[Opening DATA SECTION section]
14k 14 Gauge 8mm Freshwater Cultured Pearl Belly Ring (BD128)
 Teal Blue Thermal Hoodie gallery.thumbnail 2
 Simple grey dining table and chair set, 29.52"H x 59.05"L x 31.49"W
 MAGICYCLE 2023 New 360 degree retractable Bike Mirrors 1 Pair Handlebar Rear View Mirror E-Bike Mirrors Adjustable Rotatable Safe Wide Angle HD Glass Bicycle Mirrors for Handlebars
[Closing DATA SECTION section]
* _ACTION ITEM_:
Word for word, give back the data shown above.

* _TASK RESPONSE_:
14k 14 Gauge 8mm Freshwater Cultured Pearl Belly Ring (BD128)
 Teal Blue Thermal Hoodie gallery.thumbnail 2
 Simple grey dining table and chair set, 29.52"H x 59.05"L x 31.49"W
 MAGICYCLE 2023 New 360 degree retractable Bike Mirrors 1 Pair Handlebar Rear View Mirror E-Bike Mirrors Adjustable Rotatable Safe Wide Angle HD Glass Bicycle Mirrors for Handlebars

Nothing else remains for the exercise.